The leader of rebels in southern Sudan says his forces will bar international relief agencies operating in the area under the auspices of the Sudanese government.
"If they are there under our auspices, we will protect them," John Garang said in an interview during a visit to the Ethiopian capital. "But when they are working for the other side . . . they are there at their own risk."
Spokesmen for some of the 10 to 15 relief organizations in southern Sudan, however, said it was out of the question to work through the Garang's Sudanese People's Liberation Army (SPLA).
"That would be a ludicrous thing to do," said one, speaking only on condition that neither he nor his agency be identified. "If we worked through them we'd be kicked out of Sudan.
"It's gotten dicier there in the past year with the kidnapings and shooting down of airplanes.

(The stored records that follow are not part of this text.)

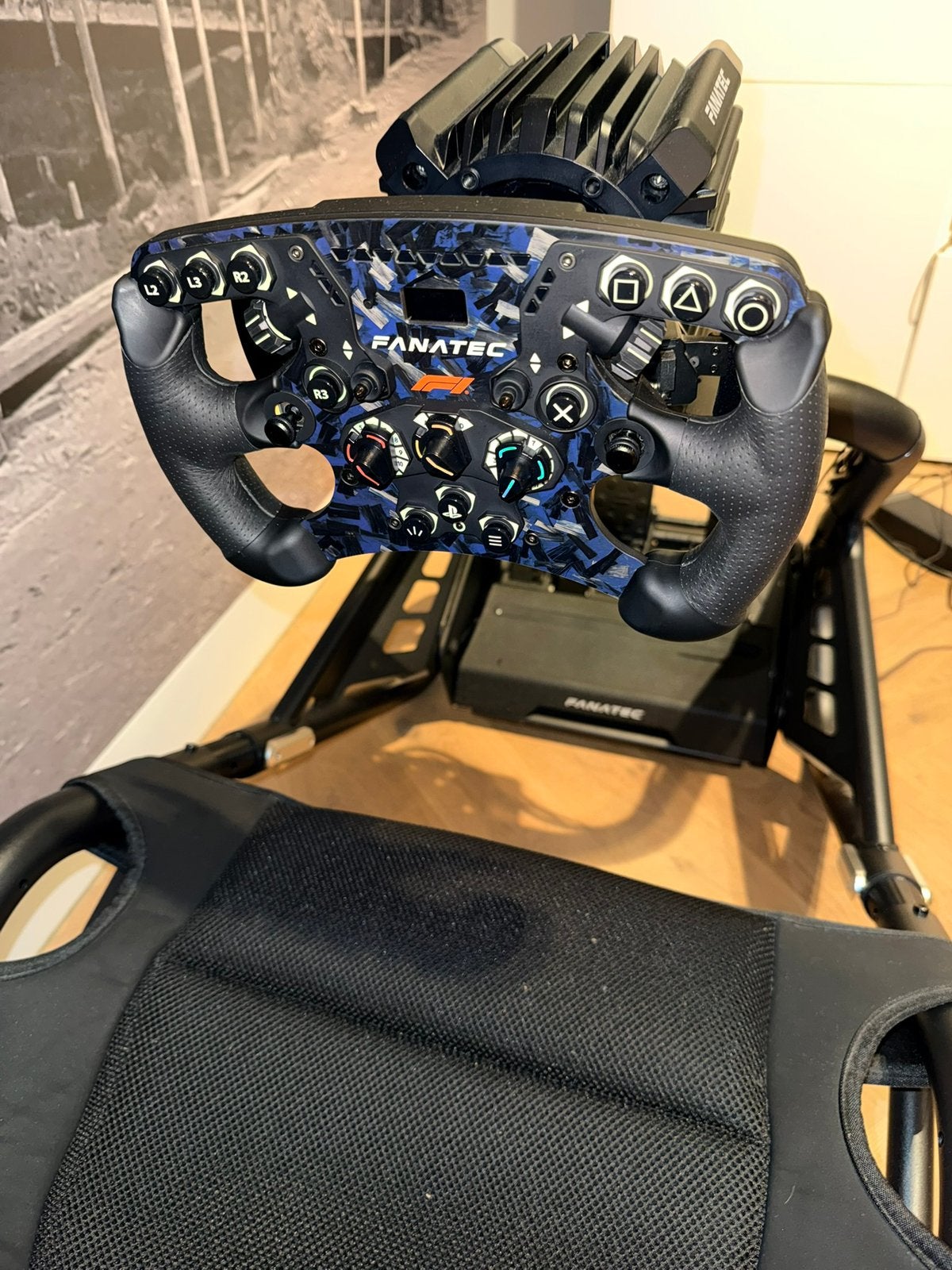 Fanatec ClubSport Racing Wheel F1 bundle 15-18NM DD+, Ophalen, Zo goed als nieuw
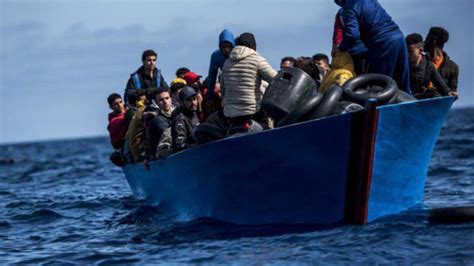 Greek authorities report hundreds of migrant arrivals on islands over the past three days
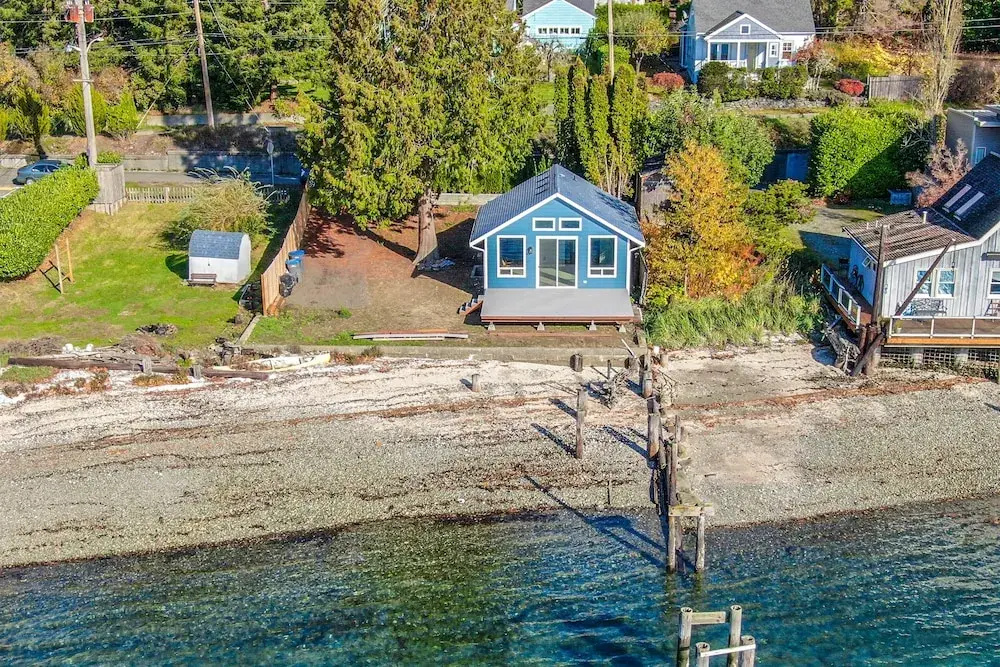 Manette Waterfront: Kayak the Bay & Walk to Town!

But doing business with the SPLA is not an option right now."
Breadbasket Hit Hard
Food supplies in Sudan, once considered a breadbasket for North Africa and the Middle East, have been hit hard by Garang's four-year rebellion, which has forced thousands of peasant farmers to abandon their land.
Garang said that late rains and poor crops this year had further aggravated the food situation in southern Sudan and that could mean famine conditions for more than 6 million people living in the area.
There are also an estimated 230,000 people who have been displaced by the violence and are totally dependent on food aid, according to the United Nations Food and Agriculture Organization in Rome and Western relief agencies.
Garang's followers took up arms against the government in Khartoum in 1983 in a fight for more autonomy for those in the mainly Christian south and an end to Islamic laws favored by the dominant Muslims of the north. Garang said his aim now is to bring down the Khartoum government.
His guerrillas seized four Western aid workers on July 7, and he said that more abductions are likely. But he claimed that the Briton and three Americans taken from Mundri and still held were seized for their own protection.
Garang claimed that his forces controlled the entire southern Sudanese countryside, an area about the size of Texas. He said his fighters had isolated the southern provincial capital of Juba and were pushing north into Sudan's central Kordofan District.
Food convoys of international aid groups working through the Sudanese government are accompanied by army escorts. Garang urged the aid groups to operate only through the rebels for their own safety.
"We are the government in the south," Garang said. "Humanitarian efforts should through us."
The roads are mined, and we are not going to unearth the mines in order to allow food to go in. It doesn't make human sense, military sense or political sense."
In an escalation of threats, the rebels said on Aug. 5 that they would shoot down all unauthorized aircraft--military or civilian--and singled out a private charter company ferrying relief food to Juba. They charged that the company had a government contract "to spy on and take aerial photographs of" rebel operations.
In May, rebels shot down a commercial passenger plane, killing all 13 aboard. The insurgents claimed that the government was using commercial planes to transport soldiers and weapons.
In August, 1986, the rebels shot down a Sudan Airways Fokker F-27, killing all 60 people aboard.